I've tried gaming the situation. Best I can tell, it just complicates management's life. Maybe some players sign "early/low" out of fear of being the last man standing, but it also works the other way.
Long term, salaries would rise and the market would not be free due to players getting locked up into long term contracts. Short term, it would have produced a drag on a good chunk of salaries as a few star players would get the lionshare of pay and the rest would be viewed as interchangeable.
The risk, from Miller's POV, would be that the ensuing chaos of everybody being a free agent would scare/piss the players off enough that it would turn them away from Miller and his guidance. If the vast majority of players felt they were getting screwed while the 1% were getting rich it would cause a schism between the players that create the power and the players that form the core of the union. Not good at all for Miller.

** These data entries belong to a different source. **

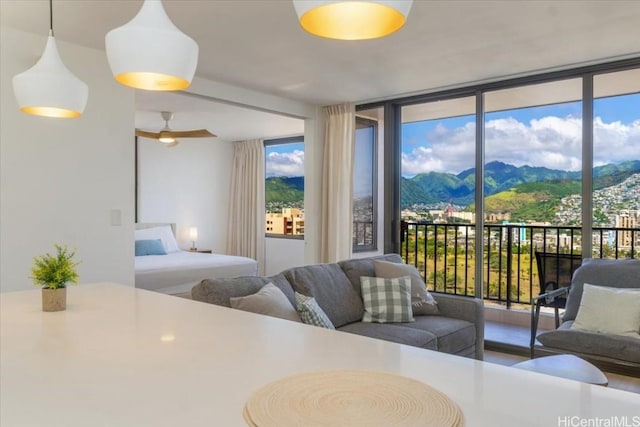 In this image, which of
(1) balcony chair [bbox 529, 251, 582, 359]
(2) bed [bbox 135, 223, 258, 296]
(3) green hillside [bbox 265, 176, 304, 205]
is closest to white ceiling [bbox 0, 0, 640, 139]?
(1) balcony chair [bbox 529, 251, 582, 359]

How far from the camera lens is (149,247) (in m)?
6.53

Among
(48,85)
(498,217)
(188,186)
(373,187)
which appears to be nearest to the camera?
(48,85)

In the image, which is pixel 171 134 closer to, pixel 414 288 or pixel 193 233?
pixel 193 233

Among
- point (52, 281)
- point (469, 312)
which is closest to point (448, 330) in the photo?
point (469, 312)

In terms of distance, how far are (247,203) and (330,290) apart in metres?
5.19

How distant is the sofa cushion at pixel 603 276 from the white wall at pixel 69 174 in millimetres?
3513

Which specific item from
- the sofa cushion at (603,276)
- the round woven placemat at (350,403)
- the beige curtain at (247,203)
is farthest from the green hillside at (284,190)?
the round woven placemat at (350,403)

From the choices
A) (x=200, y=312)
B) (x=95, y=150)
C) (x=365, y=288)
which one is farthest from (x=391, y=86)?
(x=200, y=312)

But the bit about the Miller/Finley debate is that I fail to see how you enforce 1-year contracts only. Sure, it could go into the CBA but why would the players agree to such silliness? And if it wasn't part of the CBA but only 1-year contracts were on offer, the collusion case is easy.
You're the Devil Rays and you've gotten the rights to Evan Longoria ... are you really only going to offer him a 1-year contract at 22 then let him become FA? Of course not, you're going to do essentially what the Rays did under the current system. And it's probably going to cost the Rays more.
What the system does is shift money from young to old but I'm not at all convinced that the overall money would be substantially different. The thornier question in my opinion is the distribution of young talent. Do you go back to amateur free-for-all or do you still have a draft? If you have a draft, what are the incentives for the Rays to develop Longoria to begin with if they aren't guaranteed to be able to keep him. If you don't have a draft, you have substantial competitive imbalance.
Anyway, think of the money that Kerry Wood and Mark Prior would have gotten if the Cubs might have lost them after their rookie years. The Cubs would have backed the money truck up to their doors ... and regretted it. :-) Bryce Harper or Mike Trout might right now be the highest paid players in the game.